- Problem statement -
Set down each entry exactly; omit images.
[Data for the task — start]
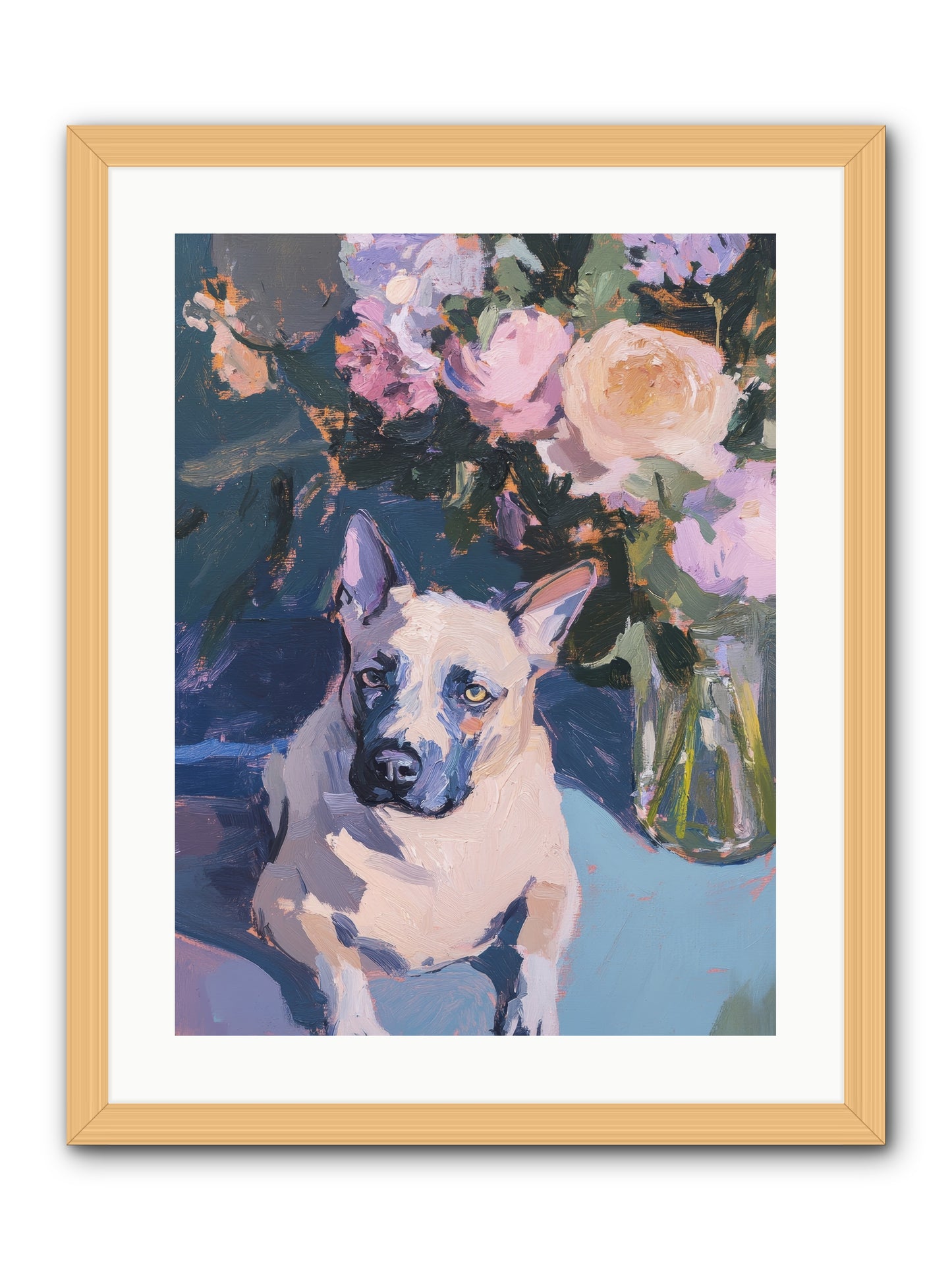 Sweet Little Rascal -- Framed Print - Natural 18x24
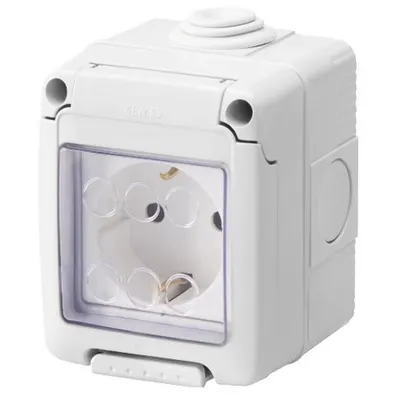 Pachet priza schuko 16A 230V si doza aparenta etansa IP55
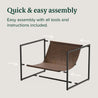 Aidan Faux Leather Sling Chair - Zinus NZ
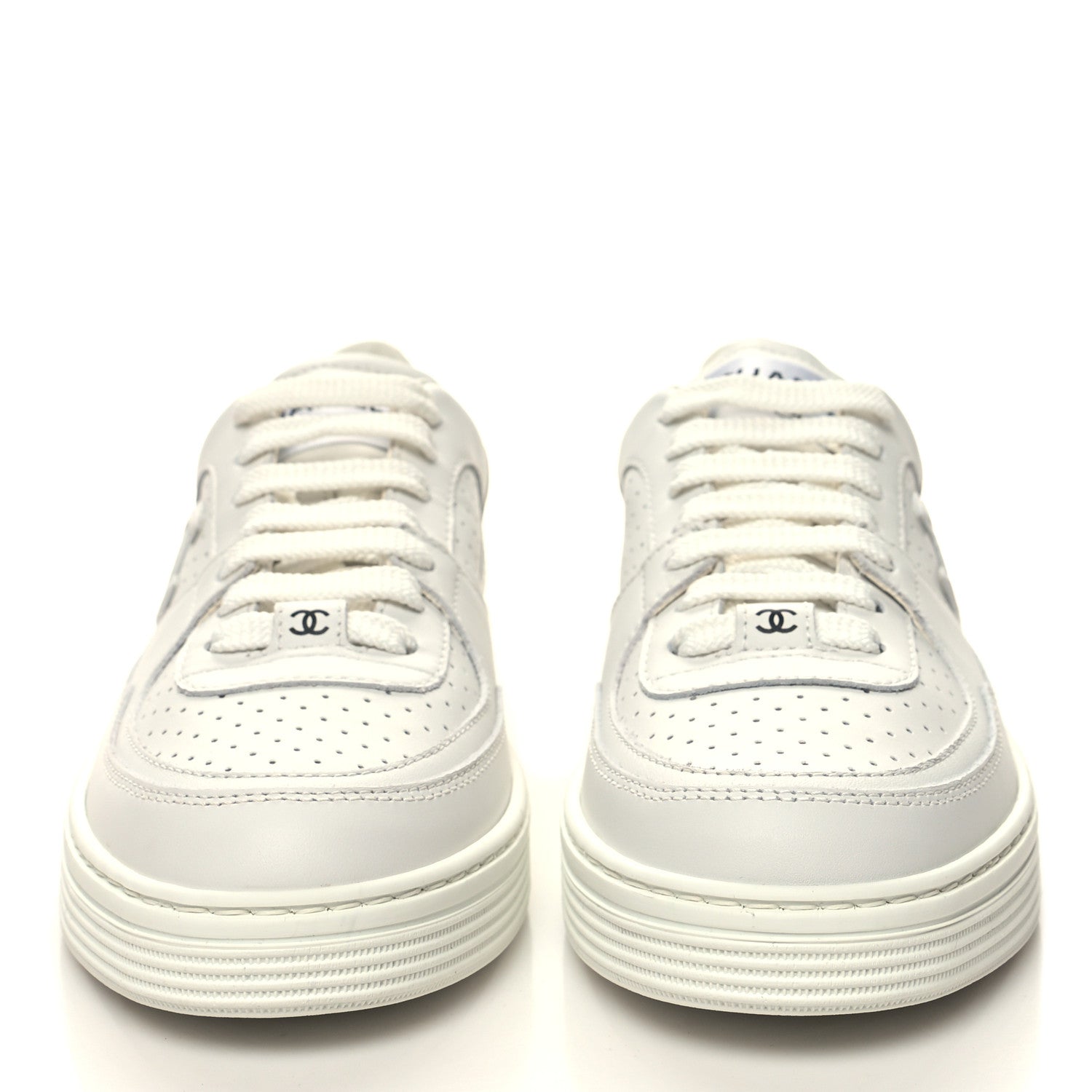 Chanel Calfskin CC Womens Sneakers 36 White 2 of 9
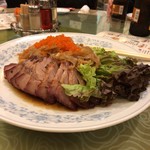 清香園 - チャーシュークラゲ・蒸し鶏の3種冷菜盛合せ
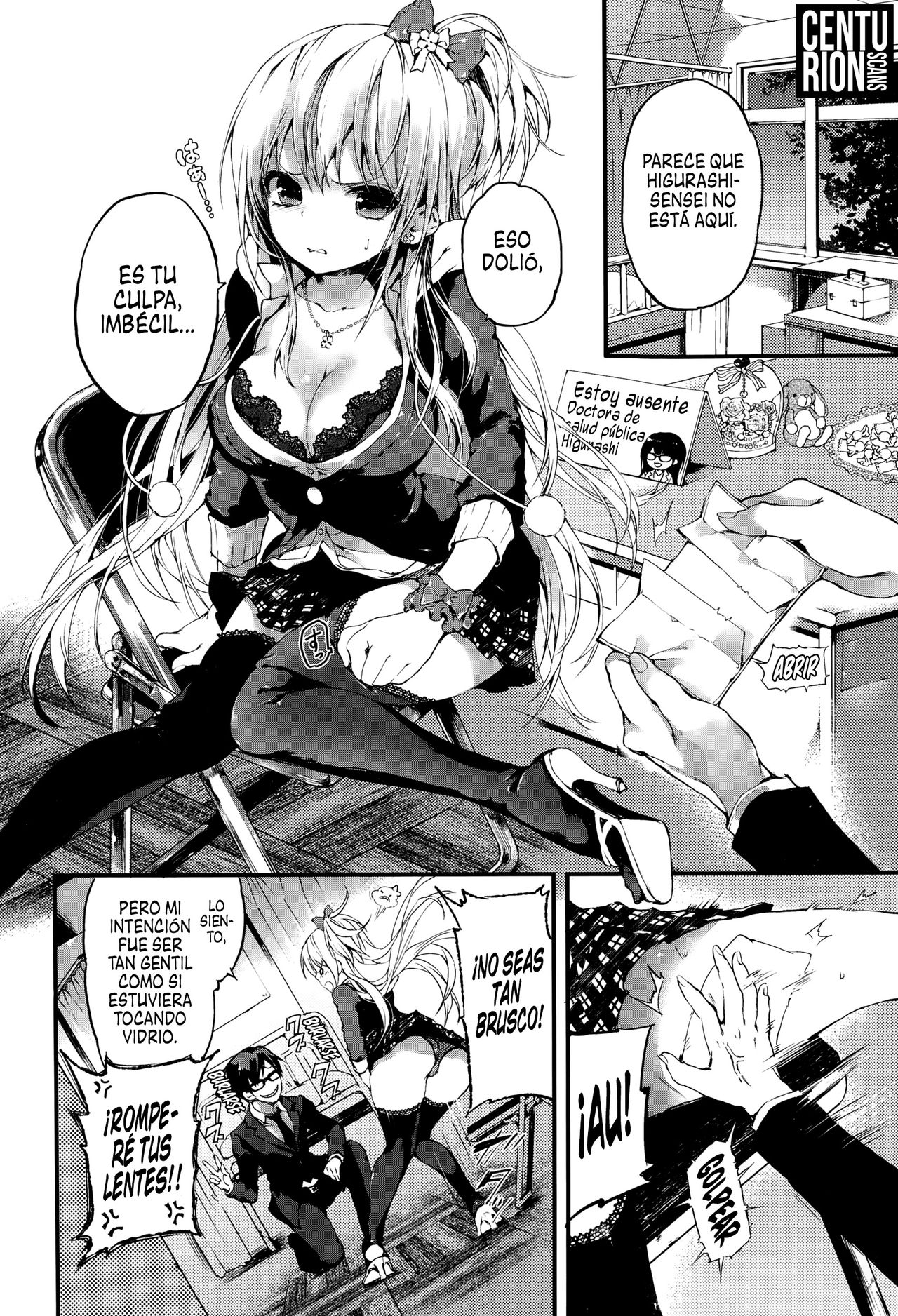 [Kuroiwa Madoka] Glasses Breaker | Lentes rotos [Spanish] [Centurion Scans] 画像番号 2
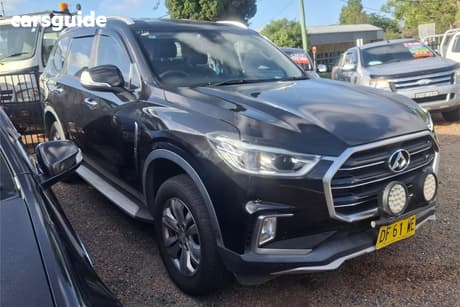 Black 2017 LDV D90 Wagon Mode (2Wd)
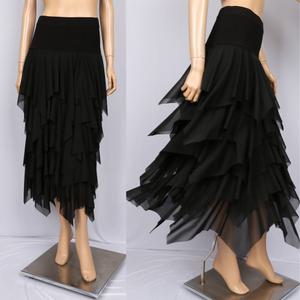 노브패리스 YNH2021망사 오단 언발 스커트 66에서77 국산 롱치마 스판 라인 줌바 라틴 웰빙 연습복 사계절 롱스커트 캉캉
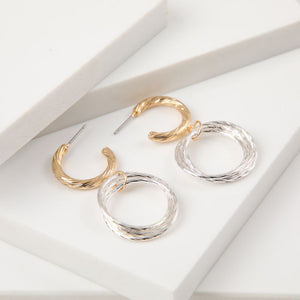 Aros Argolla Metal Power 20 Dorado i-D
[Data for the task — finish]
- Exercise answer -
 Sweet Little Rascal -- Framed Print - Natural 18x24
 Pachet priza schuko 16A 230V si doza aparenta etansa IP55
 Aidan Faux Leather Sling Chair - Zinus NZ
 Chanel Calfskin CC Womens Sneakers 36 White 2 of 9
 清香園 - チャーシュークラゲ・蒸し鶏の3種冷菜盛合せ
 [Kuroiwa Madoka] Glasses Breaker | Lentes rotos [Spanish] [Centurion Scans] 画像番号 2
 Black 2017 LDV D90 Wagon Mode (2Wd)
 노브패리스 YNH2021망사 오단 언발 스커트 66에서77 국산 롱치마 스판 라인 줌바 라틴 웰빙 연습복 사계절 롱스커트 캉캉
 Aros Argolla Metal Power 20 Dorado i-D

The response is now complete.